### TASK DIRECTIONS
Copy, without a single change, each line from the one that holds "Aaj ki Murli" to the bottom of the entries below, and drop any pictures.

== RECORDS FOR THIS EXERCISE

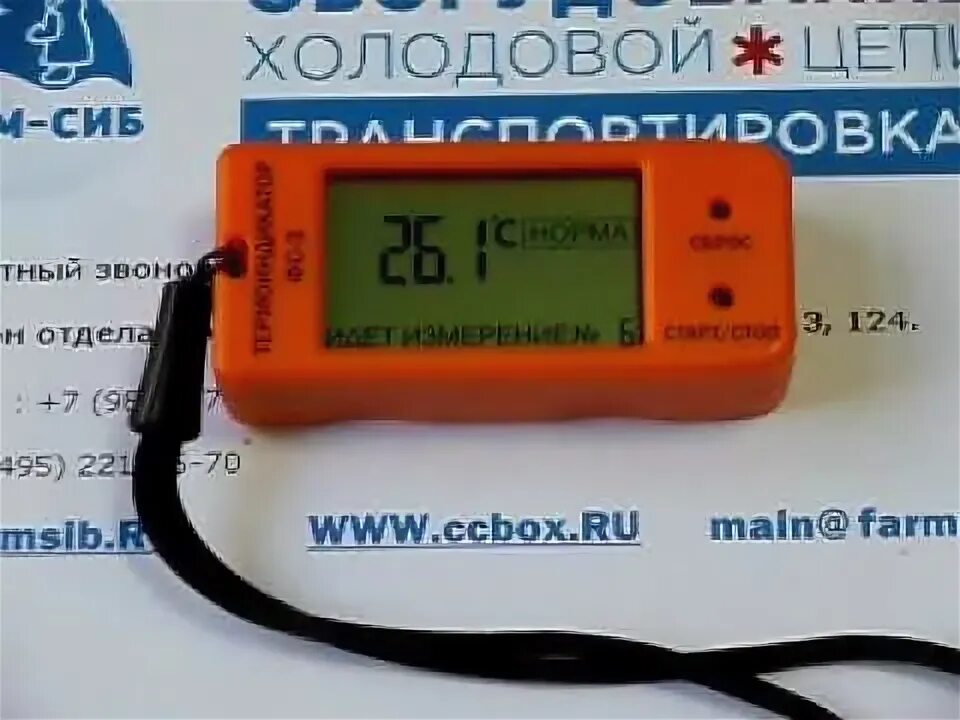 Термоиндикатор термотест прима. Термоиндикатор электронный ФС-3. Термоиндикатор для холодильника медицинский ФС 3. Термоиндикатор ФС-3 производитель. Термоиндикатор электронный ФС-3е.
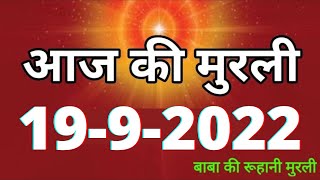Aaj ki Murli / 19 September 2022 / आज की मुरली 19-9-2022 | Daily Murli / Today murli / aaj ki murali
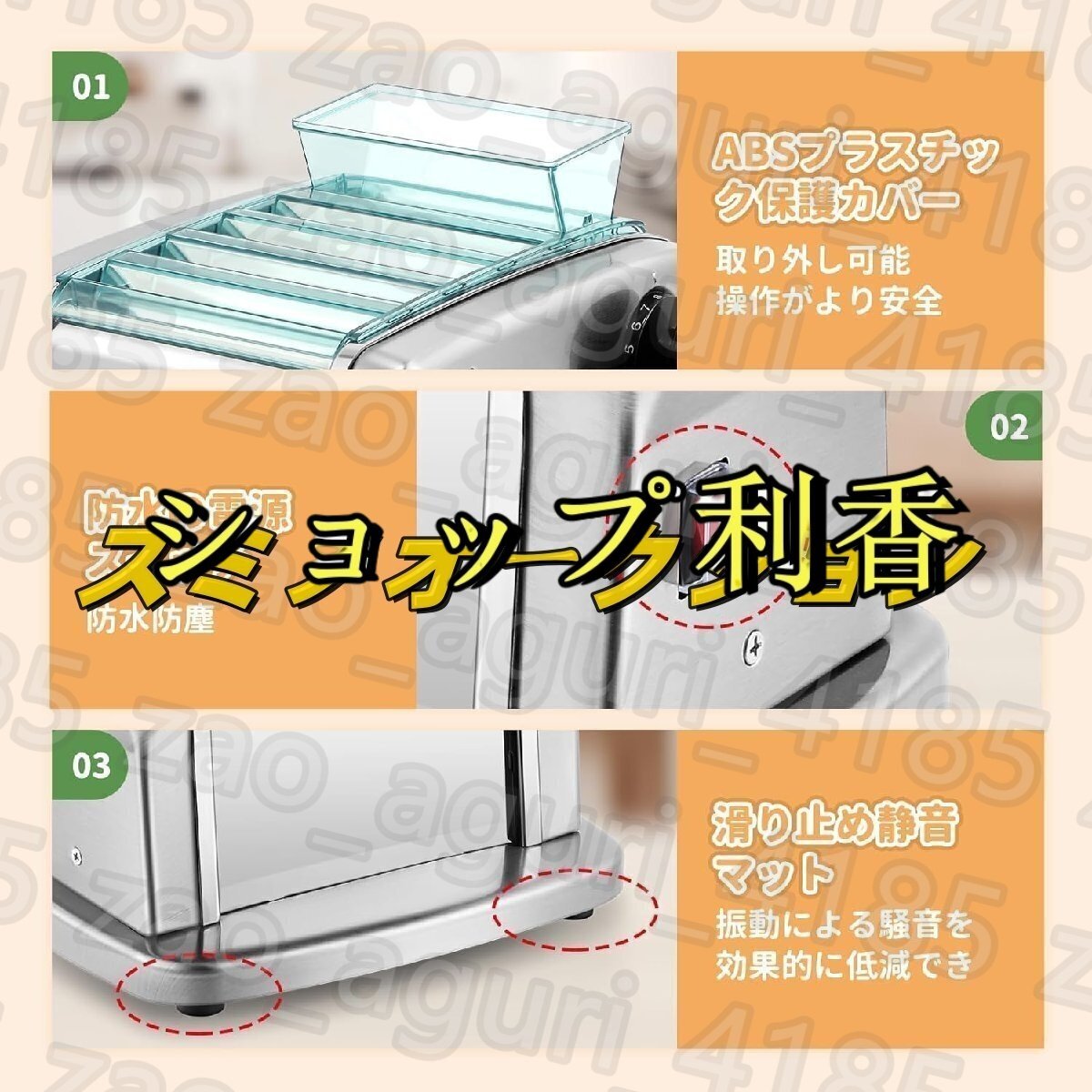 item_image_4
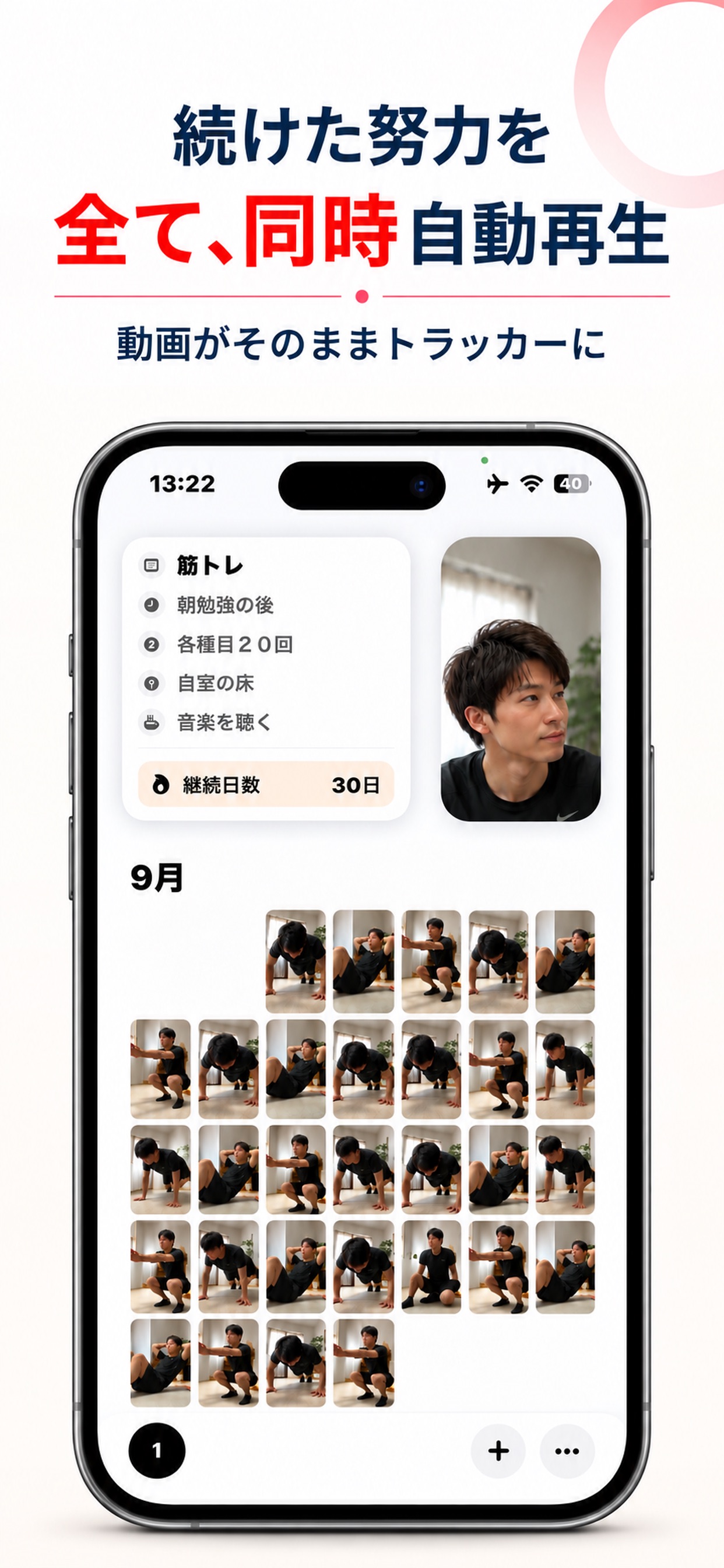 Screenshot 2 of Recobit - 録画型習慣トラッカー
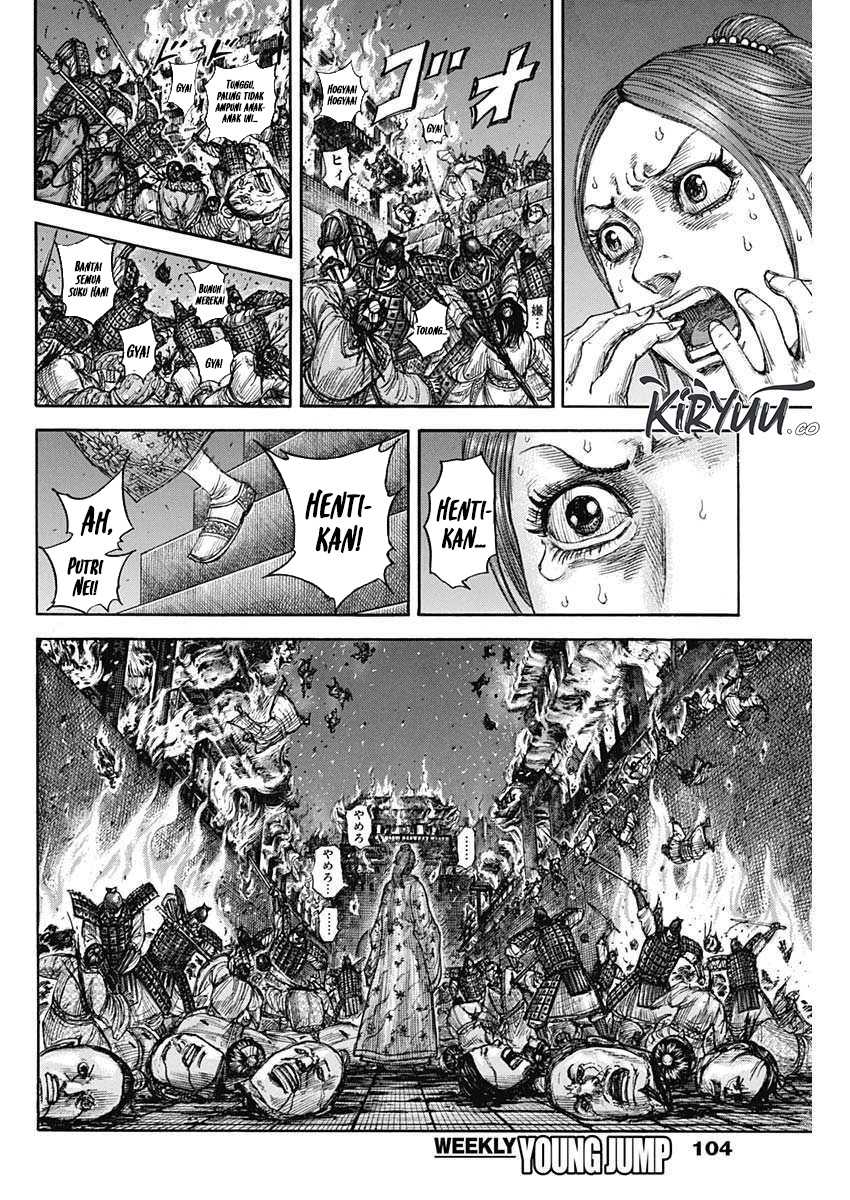 Asirhart Kingdom Aide Chapter 833 Image 2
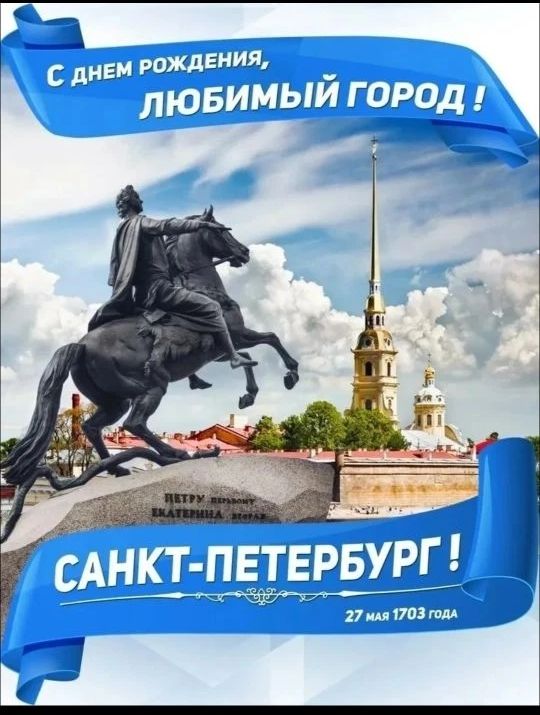 С днем рождения, любимый город! Санкт-Петербург! 27 мая 1703 года. Петру Первому Екатерина Вторая.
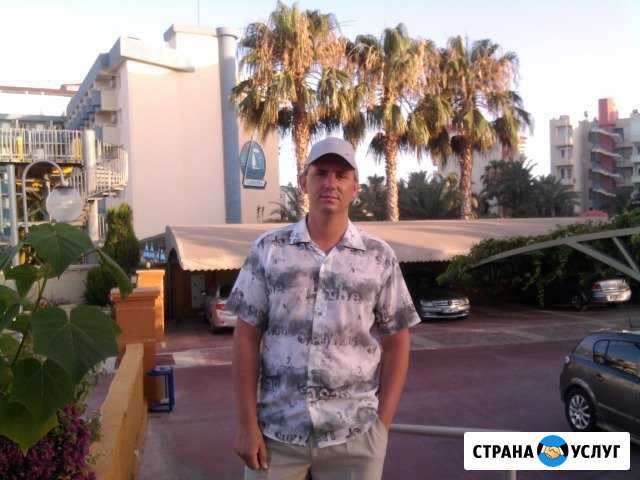 Таможенный декларант Сыктывкар - изображение 1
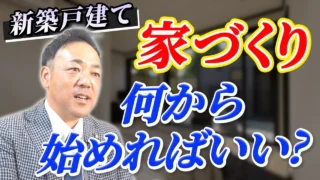 【注文住宅】住んでからの満足度が変わる！初めて家を建てる時のポイントは？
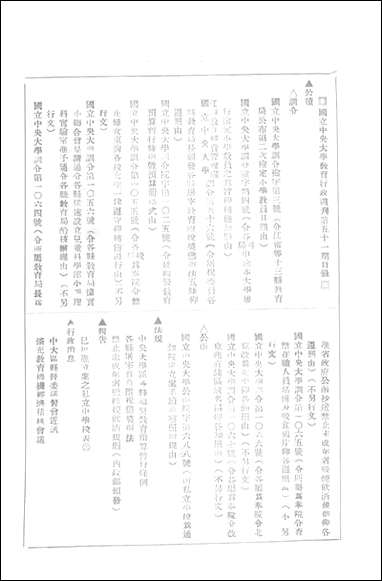 中央大学教育行政週刊_中央大学秘书处编辑委员会 [中央大学教育行政週刊]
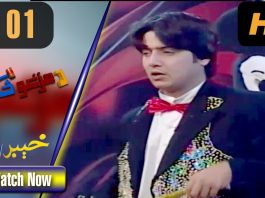 Mazhgo Sattak | With Naveed Khan | 23 September 2019 | AVT Khyber Official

====

### SOLVED EXERCISE
Aaj ki Murli / 19 September 2022 / आज की मुरली 19-9-2022 | Daily Murli / Today murli / aaj ki murali
 item_image_4
 Screenshot 2 of Recobit - 録画型習慣トラッカー
 Asirhart Kingdom Aide Chapter 833 Image 2
 С днем рождения, любимый город! Санкт-Петербург! 27 мая 1703 года. Петру Первому Екатерина Вторая.
 Таможенный декларант Сыктывкар - изображение 1
 【注文住宅】住んでからの満足度が変わる！初めて家を建てる時のポイントは？
 中央大学教育行政週刊_中央大学秘书处编辑委员会 [中央大学教育行政週刊]
 Mazhgo Sattak | With Naveed Khan | 23 September 2019 | AVT Khyber Official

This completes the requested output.